#### DIRECTIONS
The lines below are to be quoted exactly, from the first through the one that contains "榆林网上兼职被骗怎么解决".

──────── INFORMATION PROVIDED ────────

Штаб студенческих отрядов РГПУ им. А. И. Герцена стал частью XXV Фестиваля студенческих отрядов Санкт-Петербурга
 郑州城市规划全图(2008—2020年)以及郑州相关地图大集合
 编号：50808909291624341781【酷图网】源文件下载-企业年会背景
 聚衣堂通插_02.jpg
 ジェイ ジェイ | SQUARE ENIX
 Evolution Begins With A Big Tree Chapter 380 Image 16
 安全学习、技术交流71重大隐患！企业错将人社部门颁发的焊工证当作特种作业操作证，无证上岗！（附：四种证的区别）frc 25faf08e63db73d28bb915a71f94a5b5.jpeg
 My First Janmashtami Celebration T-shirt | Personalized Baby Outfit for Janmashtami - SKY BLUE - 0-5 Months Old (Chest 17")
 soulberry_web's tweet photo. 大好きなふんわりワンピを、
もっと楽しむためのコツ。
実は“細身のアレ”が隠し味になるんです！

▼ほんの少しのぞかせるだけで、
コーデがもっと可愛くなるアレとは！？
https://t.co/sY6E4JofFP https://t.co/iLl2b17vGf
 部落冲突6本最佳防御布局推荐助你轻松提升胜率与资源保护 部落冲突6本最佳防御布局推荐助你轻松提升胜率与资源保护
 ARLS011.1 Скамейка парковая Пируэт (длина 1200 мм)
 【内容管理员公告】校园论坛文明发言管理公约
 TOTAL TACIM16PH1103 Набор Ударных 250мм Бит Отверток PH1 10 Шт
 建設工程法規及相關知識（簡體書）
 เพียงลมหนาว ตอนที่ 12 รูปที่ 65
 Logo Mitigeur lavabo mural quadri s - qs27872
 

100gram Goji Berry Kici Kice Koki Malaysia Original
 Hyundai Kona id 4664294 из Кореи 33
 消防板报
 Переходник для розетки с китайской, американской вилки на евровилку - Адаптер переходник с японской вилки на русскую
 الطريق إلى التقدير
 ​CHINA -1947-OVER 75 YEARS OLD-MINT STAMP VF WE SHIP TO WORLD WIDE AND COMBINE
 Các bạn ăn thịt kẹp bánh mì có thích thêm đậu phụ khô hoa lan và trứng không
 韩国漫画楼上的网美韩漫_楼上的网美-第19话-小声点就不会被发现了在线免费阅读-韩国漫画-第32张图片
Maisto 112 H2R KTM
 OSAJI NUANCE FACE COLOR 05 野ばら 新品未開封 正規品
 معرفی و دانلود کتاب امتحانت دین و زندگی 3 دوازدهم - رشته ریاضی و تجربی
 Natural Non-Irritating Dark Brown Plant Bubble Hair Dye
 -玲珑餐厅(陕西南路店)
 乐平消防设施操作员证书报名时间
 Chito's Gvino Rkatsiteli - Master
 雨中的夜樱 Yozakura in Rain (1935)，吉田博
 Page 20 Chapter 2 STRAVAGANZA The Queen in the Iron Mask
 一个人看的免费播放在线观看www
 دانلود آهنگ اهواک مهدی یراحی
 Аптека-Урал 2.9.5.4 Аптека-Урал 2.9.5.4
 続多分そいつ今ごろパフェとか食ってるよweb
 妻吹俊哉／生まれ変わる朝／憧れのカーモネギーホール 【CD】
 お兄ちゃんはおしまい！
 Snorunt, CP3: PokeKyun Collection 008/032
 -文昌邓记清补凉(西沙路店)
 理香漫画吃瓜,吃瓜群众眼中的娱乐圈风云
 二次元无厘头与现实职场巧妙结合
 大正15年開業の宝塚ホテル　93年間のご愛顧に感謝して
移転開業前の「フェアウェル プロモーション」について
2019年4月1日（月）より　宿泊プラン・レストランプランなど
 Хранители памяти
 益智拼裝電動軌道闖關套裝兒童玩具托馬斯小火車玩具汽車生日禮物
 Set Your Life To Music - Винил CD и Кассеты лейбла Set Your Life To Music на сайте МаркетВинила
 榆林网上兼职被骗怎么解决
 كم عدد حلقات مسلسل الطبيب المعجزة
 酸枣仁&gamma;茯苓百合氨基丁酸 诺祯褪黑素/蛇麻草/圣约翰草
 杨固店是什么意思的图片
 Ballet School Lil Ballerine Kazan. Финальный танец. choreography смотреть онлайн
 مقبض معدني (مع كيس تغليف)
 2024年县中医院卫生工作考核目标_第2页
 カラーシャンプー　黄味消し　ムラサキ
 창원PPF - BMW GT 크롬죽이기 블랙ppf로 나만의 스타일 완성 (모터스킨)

────────

#### TASK RESULT
Штаб студенческих отрядов РГПУ им. А. И. Герцена стал частью XXV Фестиваля студенческих отрядов Санкт-Петербурга
 郑州城市规划全图(2008—2020年)以及郑州相关地图大集合
 编号：50808909291624341781【酷图网】源文件下载-企业年会背景
 聚衣堂通插_02.jpg
 ジェイ ジェイ | SQUARE ENIX
 Evolution Begins With A Big Tree Chapter 380 Image 16
 安全学习、技术交流71重大隐患！企业错将人社部门颁发的焊工证当作特种作业操作证，无证上岗！（附：四种证的区别）frc 25faf08e63db73d28bb915a71f94a5b5.jpeg
 My First Janmashtami Celebration T-shirt | Personalized Baby Outfit for Janmashtami - SKY BLUE - 0-5 Months Old (Chest 17")
 soulberry_web's tweet photo. 大好きなふんわりワンピを、
もっと楽しむためのコツ。
実は“細身のアレ”が隠し味になるんです！

▼ほんの少しのぞかせるだけで、
コーデがもっと可愛くなるアレとは！？
https://t.co/sY6E4JofFP https://t.co/iLl2b17vGf
 部落冲突6本最佳防御布局推荐助你轻松提升胜率与资源保护 部落冲突6本最佳防御布局推荐助你轻松提升胜率与资源保护
 ARLS011.1 Скамейка парковая Пируэт (длина 1200 мм)
 【内容管理员公告】校园论坛文明发言管理公约
 TOTAL TACIM16PH1103 Набор Ударных 250мм Бит Отверток PH1 10 Шт
 建設工程法規及相關知識（簡體書）
 เพียงลมหนาว ตอนที่ 12 รูปที่ 65
 Logo Mitigeur lavabo mural quadri s - qs27872
 

100gram Goji Berry Kici Kice Koki Malaysia Original
 Hyundai Kona id 4664294 из Кореи 33
 消防板报
 Переходник для розетки с китайской, американской вилки на евровилку - Адаптер переходник с японской вилки на русскую
 الطريق إلى التقدير
 ​CHINA -1947-OVER 75 YEARS OLD-MINT STAMP VF WE SHIP TO WORLD WIDE AND COMBINE
 Các bạn ăn thịt kẹp bánh mì có thích thêm đậu phụ khô hoa lan và trứng không
 韩国漫画楼上的网美韩漫_楼上的网美-第19话-小声点就不会被发现了在线免费阅读-韩国漫画-第32张图片
Maisto 112 H2R KTM
 OSAJI NUANCE FACE COLOR 05 野ばら 新品未開封 正規品
 معرفی و دانلود کتاب امتحانت دین و زندگی 3 دوازدهم - رشته ریاضی و تجربی
 Natural Non-Irritating Dark Brown Plant Bubble Hair Dye
 -玲珑餐厅(陕西南路店)
 乐平消防设施操作员证书报名时间
 Chito's Gvino Rkatsiteli - Master
 雨中的夜樱 Yozakura in Rain (1935)，吉田博
 Page 20 Chapter 2 STRAVAGANZA The Queen in the Iron Mask
 一个人看的免费播放在线观看www
 دانلود آهنگ اهواک مهدی یراحی
 Аптека-Урал 2.9.5.4 Аптека-Урал 2.9.5.4
 続多分そいつ今ごろパフェとか食ってるよweb
 妻吹俊哉／生まれ変わる朝／憧れのカーモネギーホール 【CD】
 お兄ちゃんはおしまい！
 Snorunt, CP3: PokeKyun Collection 008/032
 -文昌邓记清补凉(西沙路店)
 理香漫画吃瓜,吃瓜群众眼中的娱乐圈风云
 二次元无厘头与现实职场巧妙结合
 大正15年開業の宝塚ホテル　93年間のご愛顧に感謝して
移転開業前の「フェアウェル プロモーション」について
2019年4月1日（月）より　宿泊プラン・レストランプランなど
 Хранители памяти
 益智拼裝電動軌道闖關套裝兒童玩具托馬斯小火車玩具汽車生日禮物
 Set Your Life To Music - Винил CD и Кассеты лейбла Set Your Life To Music на сайте МаркетВинила
 榆林网上兼职被骗怎么解决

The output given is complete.